Church v. Collins

124 P. 552, 18 Cal. App. 745, 1912 Cal. App. LEXIS 383
CourtCalifornia Court of Appeal
DecidedApril 24, 1912
DocketCiv. No. 921.
StatusPublished
Cited by10 cases

This text of 124 P. 552 (Church v. Collins) is published on Counsel Stack Legal Research, covering California Court of Appeal primary law. Counsel Stack provides free access to over 12 million legal documents including statutes, case law, regulations, and constitutions.

Bluebook
Church v. Collins, 124 P. 552, 18 Cal. App. 745, 1912 Cal. App. LEXIS 383 (Cal. Ct. App. 1912).

Opinion

HART, J.

The plaintiff brought this action to recover damages for the breach of an alleged agreement for the sale of certain real property.

A general demurrer to the complaint was sustained, and this appeal is by the plaintiff from the judgment entered after and upon the order sustaining the demurrer.

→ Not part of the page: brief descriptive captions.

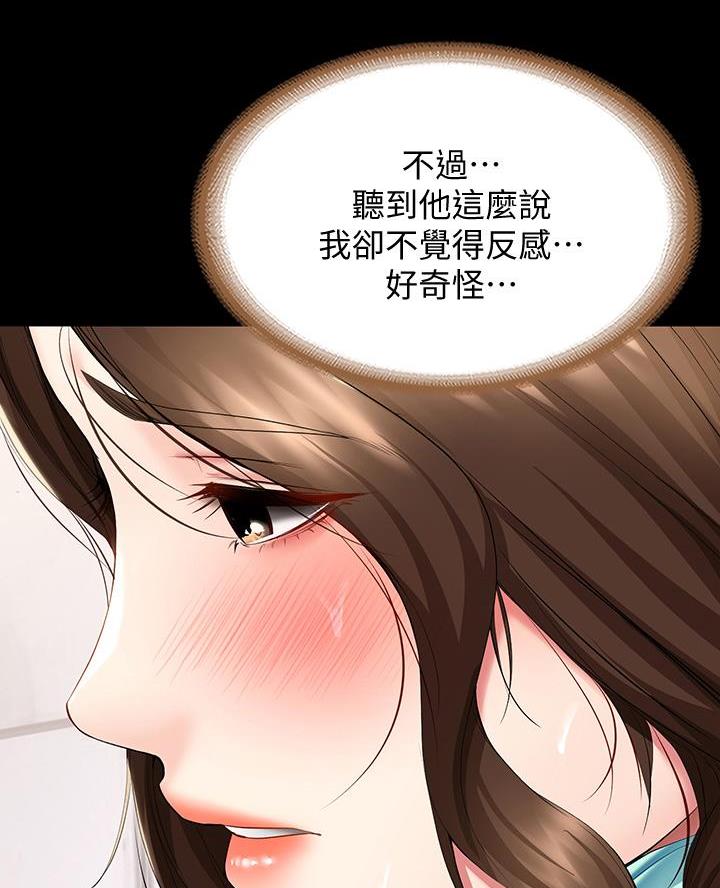 第167话15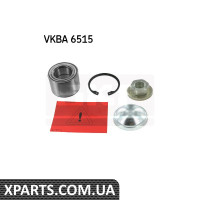 Підшипник маточини колеса комплект FORD SKF VKBA6515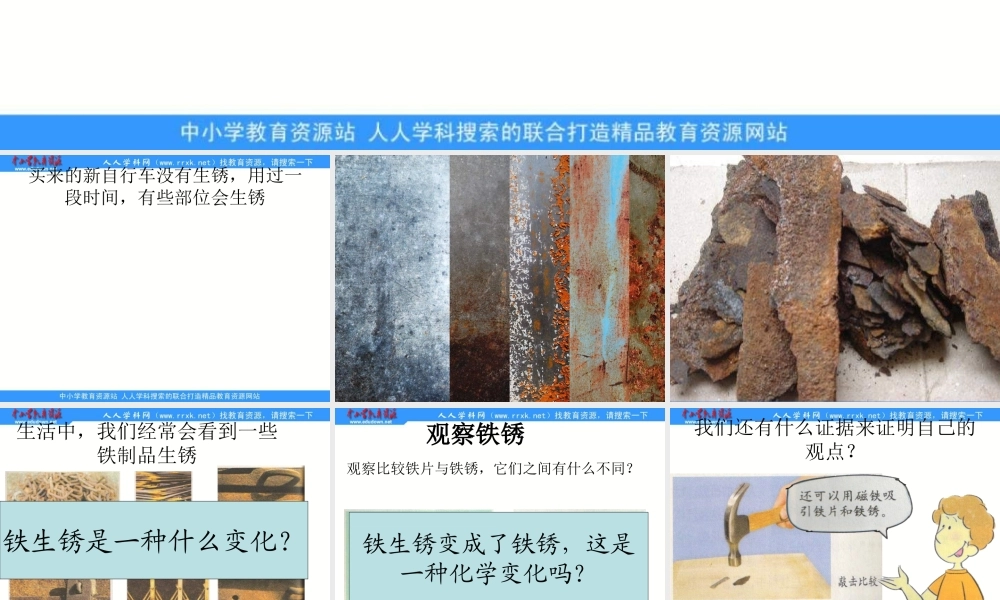 教科小学科学六下《2.5、铁生锈了》PPT课件(4)【加微信公众号 jiaoxuewuyou 九折优惠 qq 1119139686】.ppt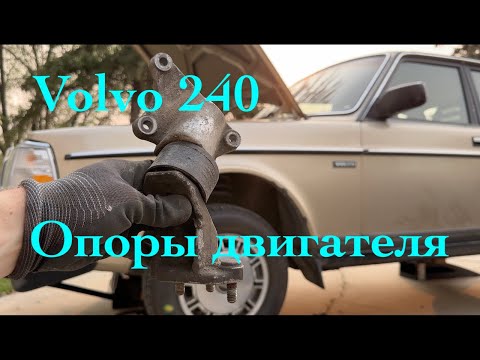 Видео: Volvo 240 замена опор двигателя до их разрушения.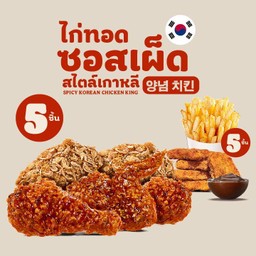 ชุดไก่ทอดซอสเผ็ด สไตล์เกาหลี 399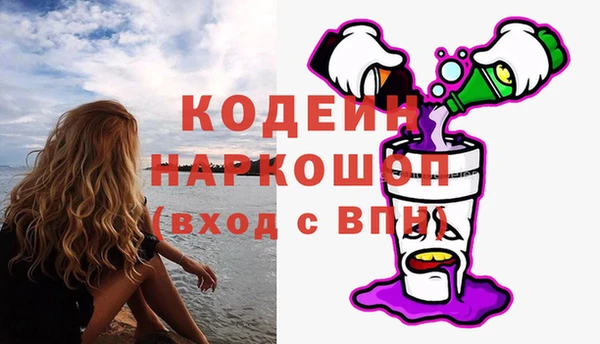 бутик Касимов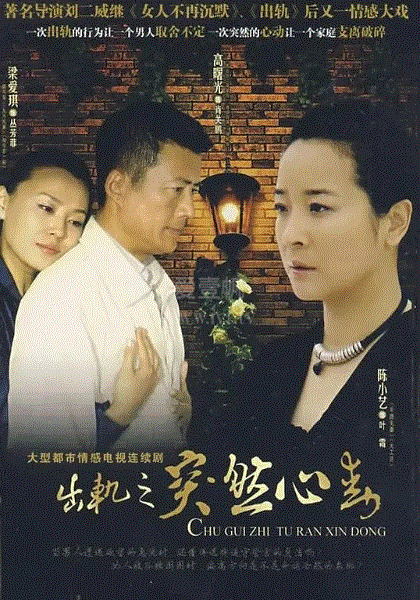 突然心动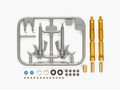 Tamiya 1/12 Ducati 1199 Panigale S Front Fork Set   Tamiya 1/12 Ducati 1199 Panigale S Front Fork Set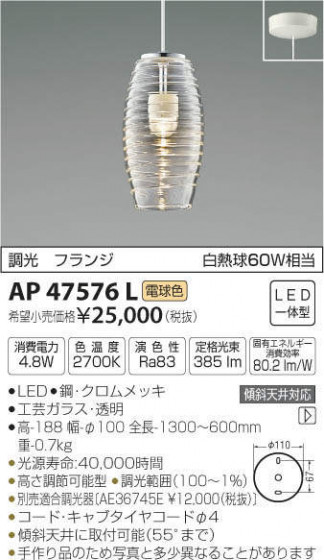 ߾ KOIZUMI ڥ AP47576L ᥤ̿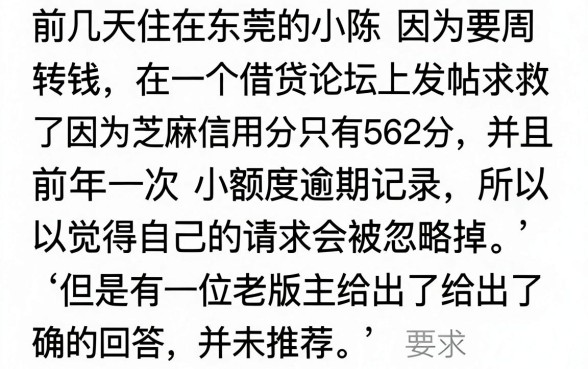 560芝麻分准下款的口子，鼎力推荐五个包下款平台无视黑白的网贷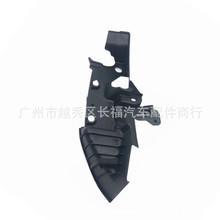 ��������Ե������ 74206-T0A-A00 74207-T0A-A00 ������CRV 12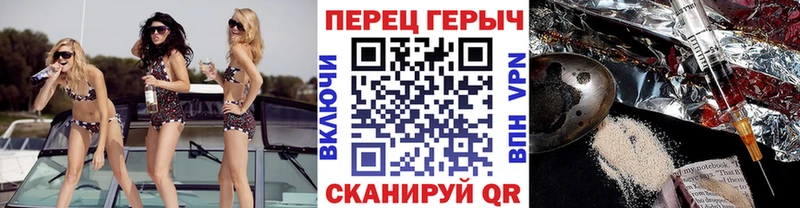 ГЕРОИН хмурый  ссылка на мегу ТОР  shop клад  Полесск 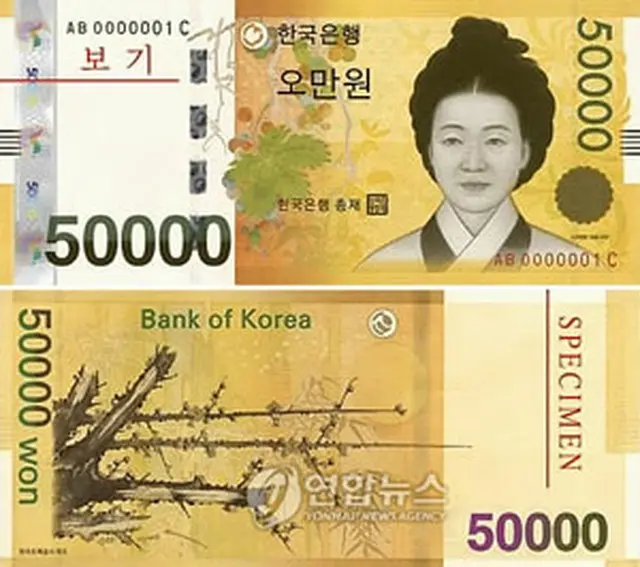 5万ウォン紙幣の図案（韓国銀行提供）＝25日、ソウル（聯合ニュース）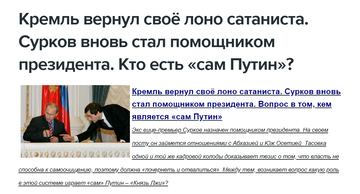 http://upforme.ru/uploads/0012/d6/0d/2211/t168285.png
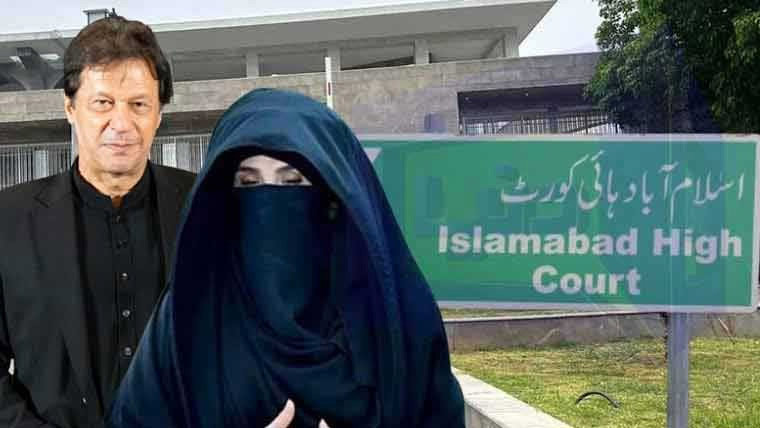 190 ملین پائونڈ کیس: توہین عدالت درخواستیں غیر موثر قرار : عمران اور اہلیہ کی سزا سپریم کورٹ میں چیلنج 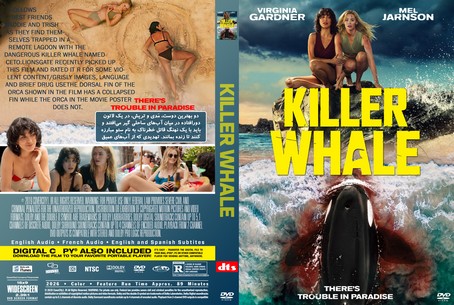 Killer Whale 2026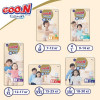 Goo.N Premium Soft, M, унисекс, 50 шт - зображення 9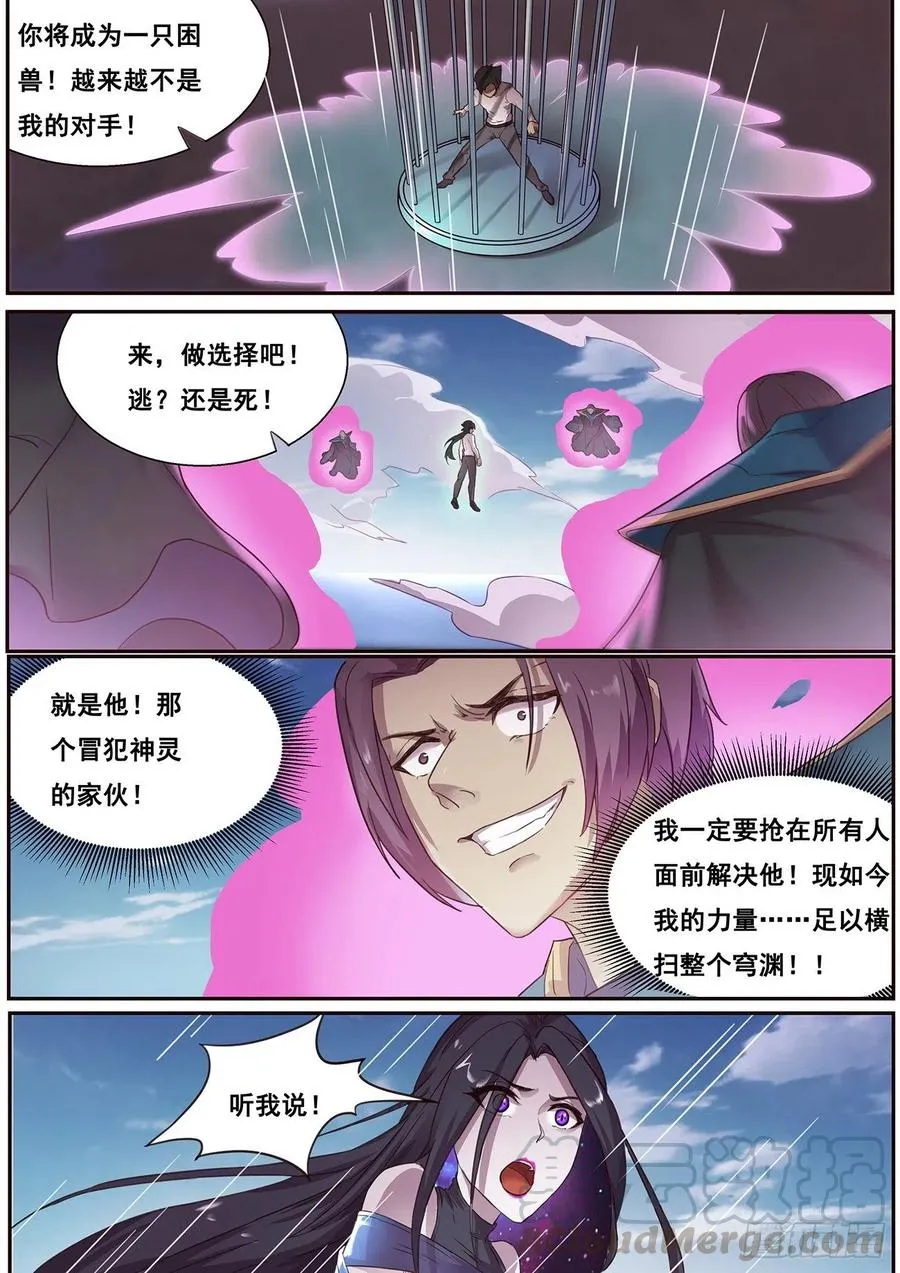 618 送礼 第5页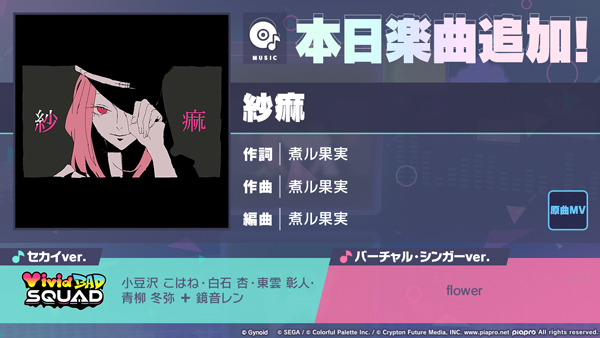 『プロジェクトセカイ カラフルステージ！ feat. 初音ミク』「紗痲」をリズムゲーム楽曲として追加！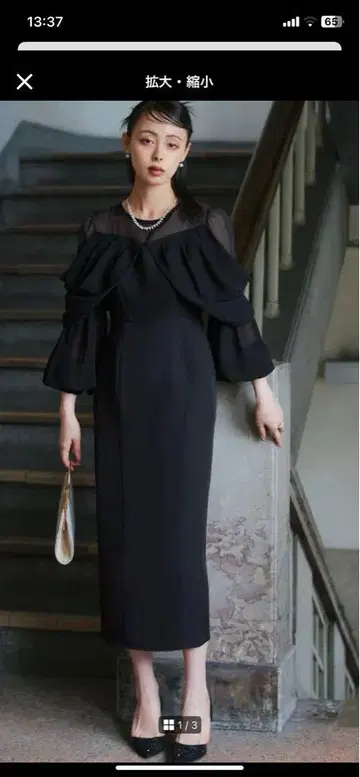 RUIRUA BOUTIQUE 드레스 S사이즈 포멀 드레스
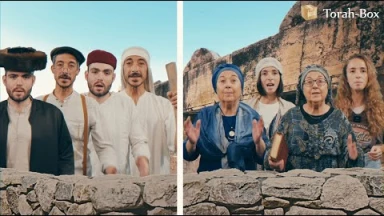 Du 9 Av 68 au 7 Octobre 2023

It appears that, on January 17, 1911, the defendant and the firm of Lyman & Briggs, real estate brokers at Sebastopol, in Sonoma county, entered into a written agreement by the terms of which the former constituted the latter as his agents for the sale of the property described in said agreement. Acting under what they conceived to be authority so to do as conferred upon them by said agreement, Lyman & Briggs, on the ninth day of May, 1911, for the defendant, entered into a written contract with the plaintiff for the sale of said property to the latter, and the main question arising upon said transactions and presented here is whether said real estate brokers were authorized or empowered by their agreement with the defendant to make such or any contract, for the latter, for the sale of said property.

Although the defendant addresses some criticism to the complaint generally, his principal contention seems to be that his agreement with Lyman & Briggs merely conferred upon them the right, exercisable for a limited period and for specified compensation, to secure for him a purchaser of said property ready, willing and able to buy the property on the terms embodied in said agreement, and, having obtained such a purchaser, their authority as thus established or conferred was completely exhausted.

Upon the construction of the agreement between the defendant and the real estate brokers, it is manifest the decision of this question must depend.

The parts of the agreement between the defendant and the real estate brokers important or necessary to the consideration of the question as to the extent of the authority thereby vested in the latter read as follows:

“In consideration of their efforts to sell the within described property, I hereby appoint Lyman & Briggs, of Sebastopol, California, to act as agents for the sale of said prop *747 erty for the sum of $6,000.00, and I agree not to offer the same for a less price before the expiration of this contract without the consent of said parties. ... It is further agreed that any deposit which may be paid on the purchase price of said property shall be paid to Lyman & Briggs, and in the event of forfeiture by the purchaser one-half of said deposit shall be paid to me, and the remaining one-half shall be retained by said agents in consideration of their services. This agreement shall be binding on me for a period of six (6) months from the date hereof and thereafter until canceled by a written notice of at least ten days. If sale is made within ninety days after the legal expiration of this contract, by or through me, to anyone to whom said property has been submitted by said agents during the term of this agreement, I agree to pay said agents a commission of 2 per cent on sale price. I reserve the right to sell said property myself, or to sell said property through the agency of anyone else, but I hereby agree that in case such sale be made by myself, or through any other agency, in consideration of their services to pay said Lyman & Briggs a commission of two (2) per cent on sale price. ’ ’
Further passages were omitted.